Türkiye İzlanda’nın yaptığını yapamıyor
Avrupa Parlamentosu (AP), Türkiye aleyhine önyargılarla ve tarihi gerçeklerle çelişen yeni bir karara daha imza attı. Avrupa Parlamentosu’nun, “2013 Yılı Dünyada İnsan Hakları ve Demokrasi” başlıklı raporunda, AB devletlerinden sözde Ermeni soykırımını özellikle hukuksal planda tanımaları istenirken, ısrarla “Ermeni soykırımının tanınmasına katkı sağlamaları” da talep edildi. Rapor’un 77. maddesinde, 1915 olaylarına ilişkin Ermeni iddialarının bu yıl 100. yıldönümünün kutlanacağına dikkat çekilerek, üye ülkeler ve AB kurumlarının iddiaların tanınmasına katkı sağlaması gerektiği belirtildi. AP’deki en büyük siyasi grup olan Avrupa Hristiyan Demokratlar grubunun çatı örgütü Avrupa Hakları Partisi (EPP) de geçtiğimiz haftalarda, AP’nin Brüksel’deki oturumunda, Türkiye’ye benzer bir çağrıda bulunmuştu. EPP kararında, Türkiye’ye, 2. Dünya Savaşı sonrası Federal Alman Cumhuriyeti’ni örnek alarak “tarihle yüzleşmesi ve Ermeni soykırımı gerçeğini kabullenmesi” çağrısı yapılmış, 24 Nisan’ın da “Ermeni Soykırımını Anma Günü” ilan edilmesini istemişti. Kararda, Türk hükümetinden, geçtiğimiz yüzyılda Anadolu’da imha edilmiş veya harabe haline gelmiş Ermeni kültürel mirasının envanterini çıkarması ve “tarihi Batı Ermenistan” da bulunan kilise, okul, kale, mezar gibi eserleri restore edip, kullanılabilir kültürel ve dini kurumlar haline getirmesini talep etmiş, bu mekanların Ermenilere iadesini talep etmişti. İade kapsamında Ermeni halkına Anadolu’ya dönme hakkı sağlanması da istenmişti. AP’deki aşırı sağcılar da geçtiğimiz günlerde sundukları bir karar teklifinde tüm AB üyesi devletlere “Ermeni soykırımını tanıma” çağrısında bulunmuştu. Sözde Ermeni soykırımının hiçbir hukuki temeli ve gerekçesi yok iken AP’nin, ilki 1987 yılında olmak üzere, 2. kez aldığı bu karar karşısında hiddetlenmemek elde değildir. Öfkem aslında AP’ye değildir. Hristiyan ve ırkçı Avrupalı, yıllardır Türkiye’yi hiçe sayan, aşağılayan kararlar almaktadır. AB’ye üye olunacak diye iki paralık Hristiyan politikacılardan işitmediğimiz hakaret kalmamıştır. Dil uzatmadıkları hemen hemen hiçbir değerimiz yoktur. Onlar önyargılarla saldırmakta, düşmanlık yapmakta, yetkili mercilerimiz ve siyasilerimiz ise Avrupalı alınır, gücenir diye birkaç özenle kaleme alınmış diplomatik söylem ve açıklama dışında sessizliği tercih etmektedir.
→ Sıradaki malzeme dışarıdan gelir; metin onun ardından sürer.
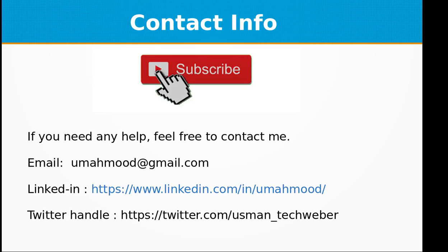If you like this video, don't forget to subscribe to my channel. If you need any help, feel free to contact me at umehamon.gmail.com. My LinkedIn profile is this and my Twitter handle is this. See you next time with a new topic in Linux. Thanks.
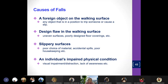The fourth cause of falls is the individual's impaired physical condition — for example, being visually impaired, being distracted, or having a lack of awareness of the condition of the area.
AB’nin Kıbrıs’ta Kıbrıs Türklerine uyguladığı ayırımcılık ve yasadışılık sınır tanımamaktadır. İnsan hakları ve demokrasi şampiyonu olduklarını iddia eden Avrupalı, yıllardır hiçbir hukuki temele dayanmayan uygulamalarla Kıbrıs Türkünü ambargo ve izolasyona tabi tutmaktadır. Amaç Kıbrıs’ta Türk varlığına son vermek ve akılları sıra Türkiye’ye ders vermektir.Taşaron olarak da Rum tarafı ve Yunanistan Türkiye’ye karşı kullanılmaktadır. Haçlı’nın yapamadıklarını bu yüzyılda AB yapmaya çalışmaktadır.
Büyük Türk Milleti’nin, Türklüğüne, Müslümanlığına, vatan topraklarımıza, şanlı bayrağımıza ve kutsal değerlerimize göz dikenlerle bir araya gelecek, yürüyecek yolu yoktur. Biran önce Avrupa macerasından vazgeçilmeli, AB adaylığından vazgeçtiğimiz açıklanmalıdır.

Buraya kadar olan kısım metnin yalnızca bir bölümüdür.